Mixed deployment, as a strategy to enhance resource efficiency and reduce costs, is broadly recognized by the industry. In its journey towards cloud nativity and cost-effectiveness, iQIYI has successfully mixed-deployed workloads such as big data offline computation and audio-video content processing with its online services, achieving incremental benefits. This article, taking big data as an example, delves into the practical process of implementing a mixed deployment system from ground zero to completion.

Background

iQIYI’s big data supports critical scenarios within the company, such as operational decision-making, user growth, ad distribution, video recommendation, search, membership, and more, providing a data-driven engine for the business. With the growth of business demands, the volume of resources needed for computation increases daily, posing significant pressure on cost control and resource supply.

iQIYI’s big data computation is divided into two processing streams: offline computation and real-time computation. Among them: Offline computation includes Spark-based data processing, hourly to daily data warehouse construction primarily using Hive, and the corresponding report query analysis. Such computations typically start in the early hours of the day to process the previous day’s data and finish in the morning. The peak period for computational resource demand is from midnight to 8 A.M., during which the cluster often falls short of total resources, leading to queuing and backlog of tasks, while significant idle periods during the day result in resource wastage.

Real-time computation consists of real-time data stream processing, represented by Kafka + Flink, which has a relatively stable resource demand.

To balance the utilization of big data resources, we have mixed-deployed offline and real-time computations, which has alleviated the waste of idle resources during the day to some extent, but still fails to effectively smooth the peaks and fill the valleys of demand. The overall utilization of big data computing resources still exhibits a tidal phenomenon with low demand during the day and high peaks in the early morning. As shown in the figure-1 below

Figure 1. CPU Usage Variation within a Big Data Computing Cluster Over a Single Day

iQIYI’s online services face another issue: balancing service quality with resource utilization. Online services primarily cater to scenarios such as iQIYI’s video streaming, with more users watching videos during the noontime and evening, resulting in a “daytime peak, early morning valley” tidal pattern in resource usage (as shown in Figure 2). To ensure service quality during peak times, online businesses typically reserve a considerable amount of resources, which leads to a very suboptimal resource utilization rate.

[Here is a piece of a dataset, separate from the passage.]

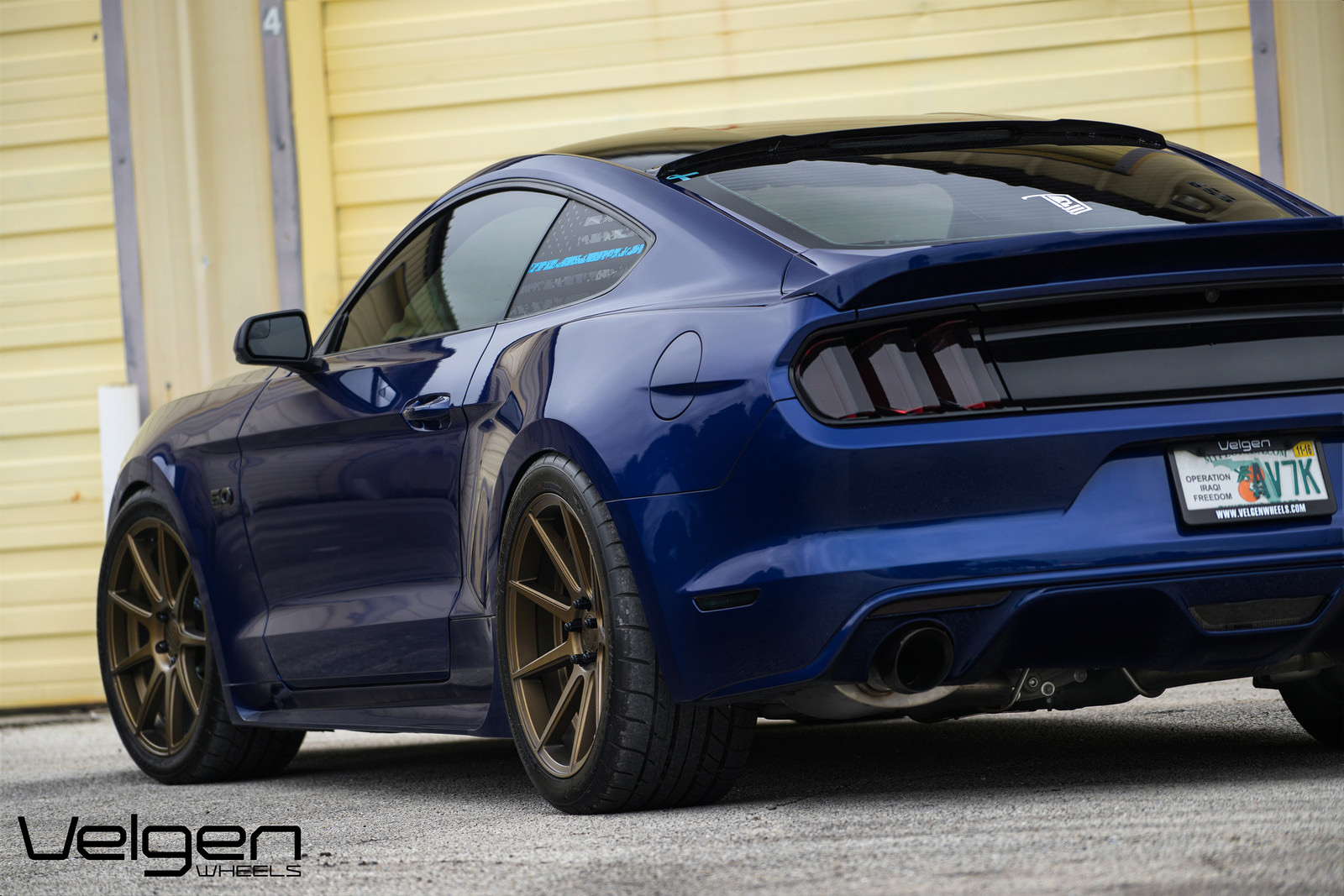 Blue-Mustang-on-VMB9-Bronze-6.jpg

Figure 2. CPU Usage Variation in Online Business Cluster Throughout a Day

To improve utilization rates, iQIYI’s self-developed previous generation container platform adopted a CPU static overcommit strategy. Although this approach had a noticeable effect on improving utilization, it was limited by kernel capabilities and other factors, and could not avoid occasional resource competition between services on the same machine, leading to instability in the quality of online service. This problem has never been properly resolved.

With the advancement of cloud-native transformation, iQIYI’s container platform gradually shifted to the Kubernetes (hereafter referred to as “K8s”) technology stack. In recent years, multiple open-source projects related to hybrid deployment have emerged in the K8s community, and some hybrid deployment practices [1] have been developed within the industry. Against this backdrop, the Compute Platform team pivoted their focus from “static overcommit” to “dynamic overcommit + hybrid deployment.”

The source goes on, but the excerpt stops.